◆ **Records shown**:
____________

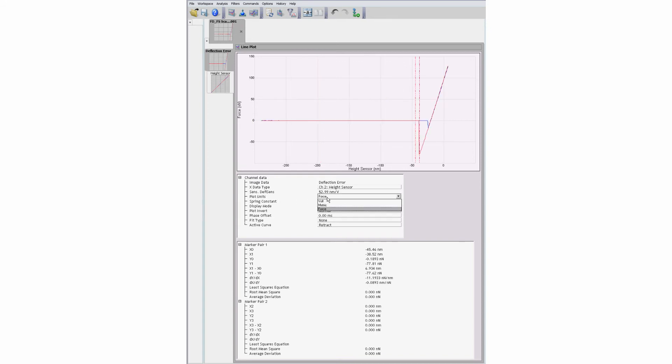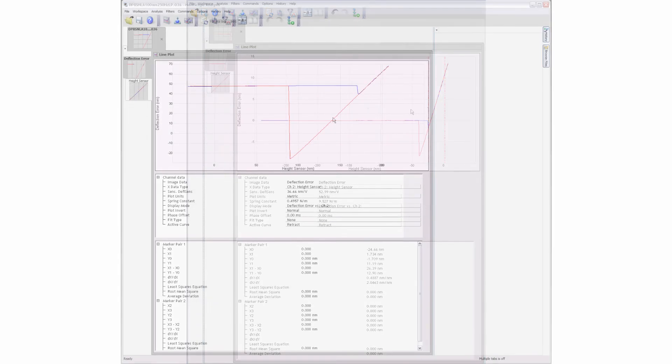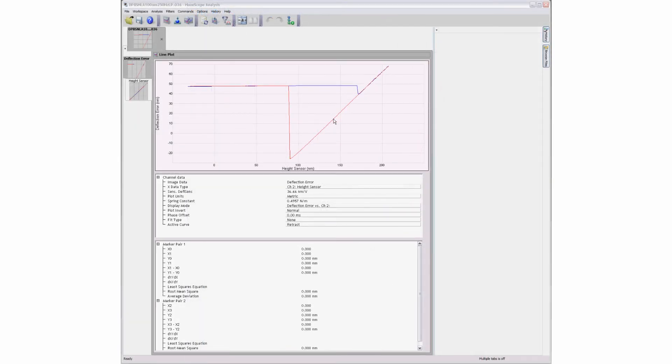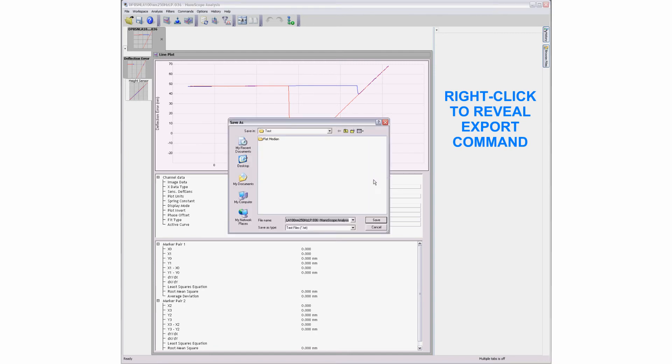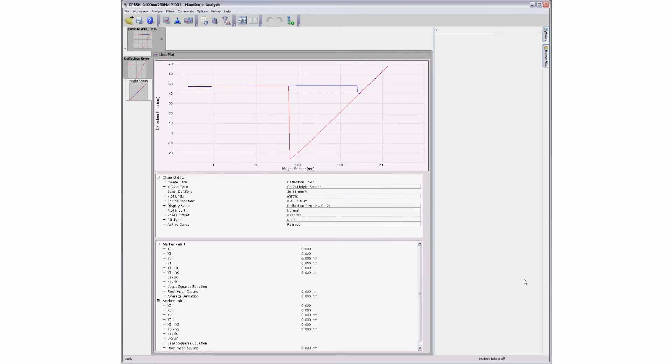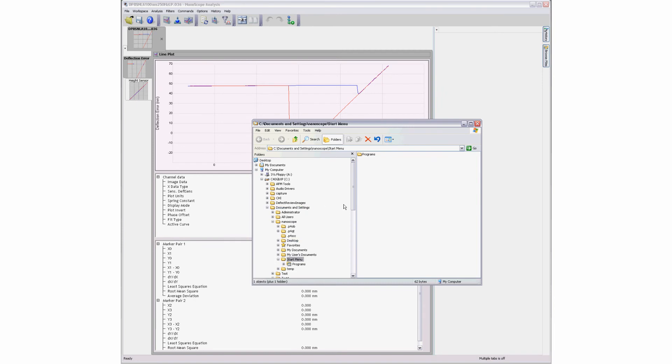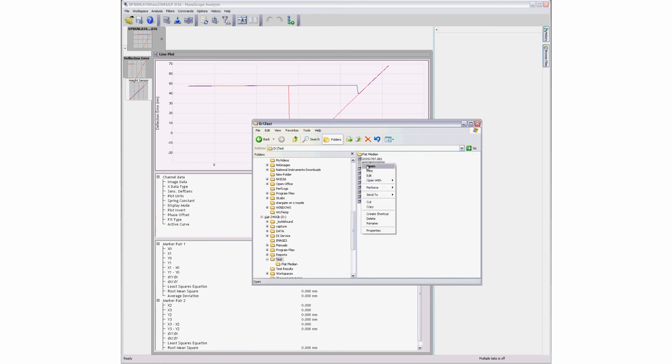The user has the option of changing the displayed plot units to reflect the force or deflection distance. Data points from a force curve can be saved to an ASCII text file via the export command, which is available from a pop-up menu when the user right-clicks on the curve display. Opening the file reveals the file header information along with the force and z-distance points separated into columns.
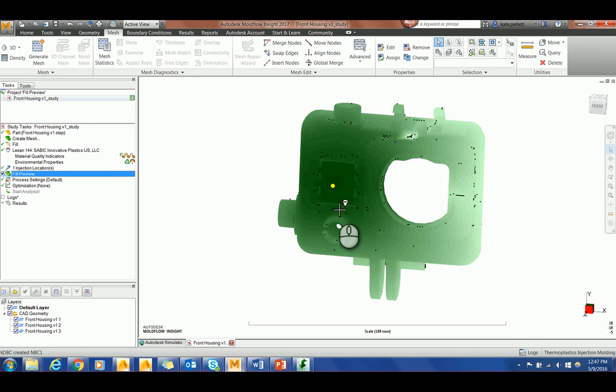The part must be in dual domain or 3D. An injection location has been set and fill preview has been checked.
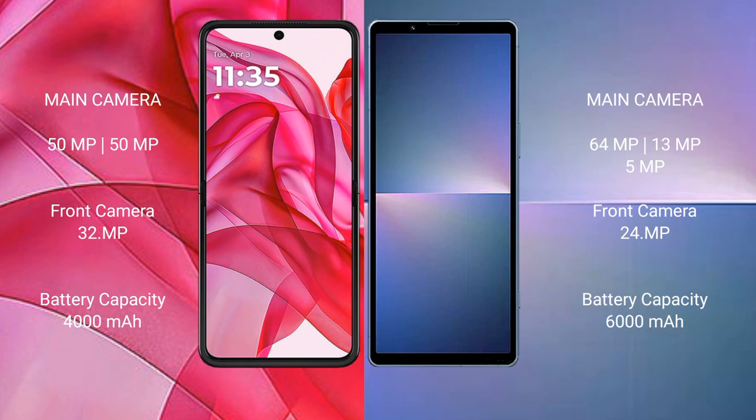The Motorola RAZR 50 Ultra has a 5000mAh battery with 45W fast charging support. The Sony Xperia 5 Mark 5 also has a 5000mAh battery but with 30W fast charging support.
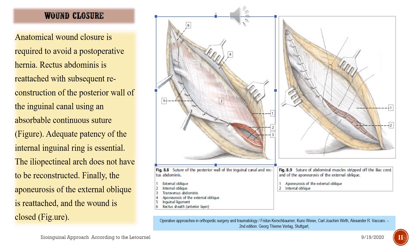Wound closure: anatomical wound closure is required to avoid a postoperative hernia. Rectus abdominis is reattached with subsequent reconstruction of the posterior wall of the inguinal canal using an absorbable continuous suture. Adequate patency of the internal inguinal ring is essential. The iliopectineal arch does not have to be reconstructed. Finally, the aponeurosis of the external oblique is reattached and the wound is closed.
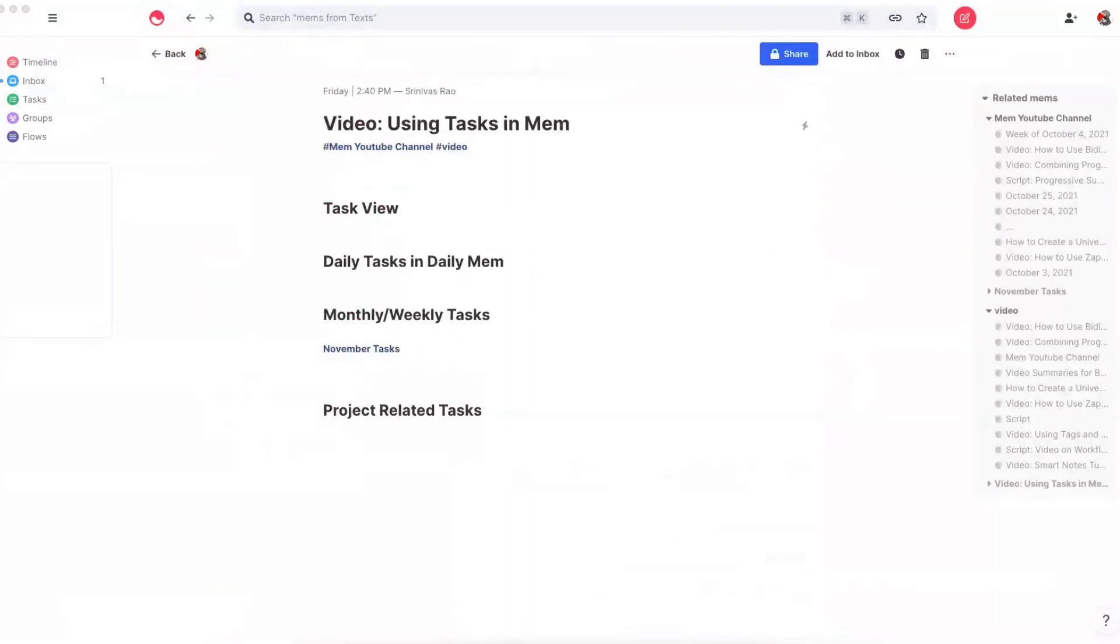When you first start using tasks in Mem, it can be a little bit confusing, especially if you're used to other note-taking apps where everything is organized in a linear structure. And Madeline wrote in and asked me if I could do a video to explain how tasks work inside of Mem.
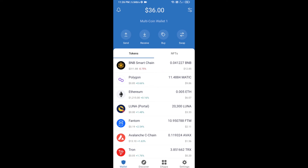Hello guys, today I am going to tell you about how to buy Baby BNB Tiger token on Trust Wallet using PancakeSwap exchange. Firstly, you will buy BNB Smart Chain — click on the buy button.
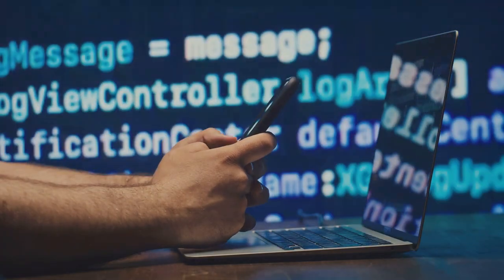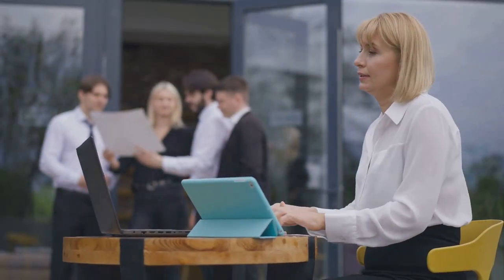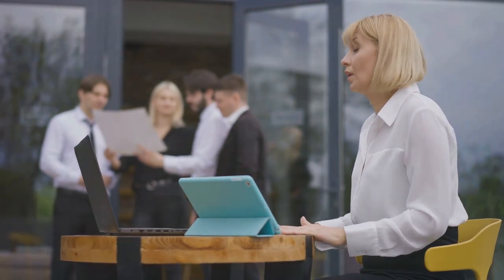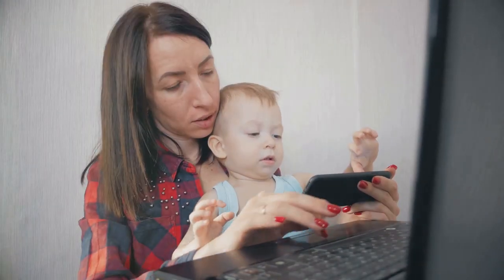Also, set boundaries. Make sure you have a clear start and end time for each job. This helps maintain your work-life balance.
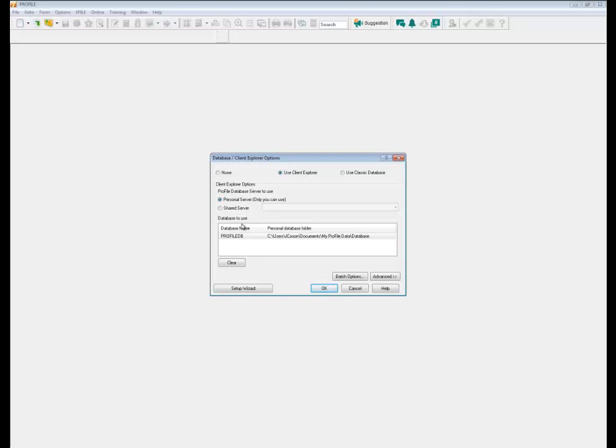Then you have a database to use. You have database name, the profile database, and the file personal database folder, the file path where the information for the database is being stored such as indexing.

____________

◆ **Exercise goal**: Output nothing but the records above, word for word, with the pictures removed.

◆ **Solution**:
The user has the option of changing the displayed plot units to reflect the force or deflection distance. Data points from a force curve can be saved to an ASCII text file via the export command, which is available from a pop-up menu when the user right-clicks on the curve display. Opening the file reveals the file header information along with the force and z-distance points separated into columns.
The part must be in dual domain or 3D. An injection location has been set and fill preview has been checked.
The Motorola RAZR 50 Ultra has a 5000mAh battery with 45W fast charging support. The Sony Xperia 5 Mark 5 also has a 5000mAh battery but with 30W fast charging support.
Wound closure: anatomical wound closure is required to avoid a postoperative hernia. Rectus abdominis is reattached with subsequent reconstruction of the posterior wall of the inguinal canal using an absorbable continuous suture. Adequate patency of the internal inguinal ring is essential. The iliopectineal arch does not have to be reconstructed. Finally, the aponeurosis of the external oblique is reattached and the wound is closed.
When you first start using tasks in Mem, it can be a little bit confusing, especially if you're used to other note-taking apps where everything is organized in a linear structure. And Madeline wrote in and asked me if I could do a video to explain how tasks work inside of Mem.
Hello guys, today I am going to tell you about how to buy Baby BNB Tiger token on Trust Wallet using PancakeSwap exchange. Firstly, you will buy BNB Smart Chain — click on the buy button.
Also, set boundaries. Make sure you have a clear start and end time for each job. This helps maintain your work-life balance.
Then you have a database to use. You have database name, the profile database, and the file personal database folder, the file path where the information for the database is being stored such as indexing.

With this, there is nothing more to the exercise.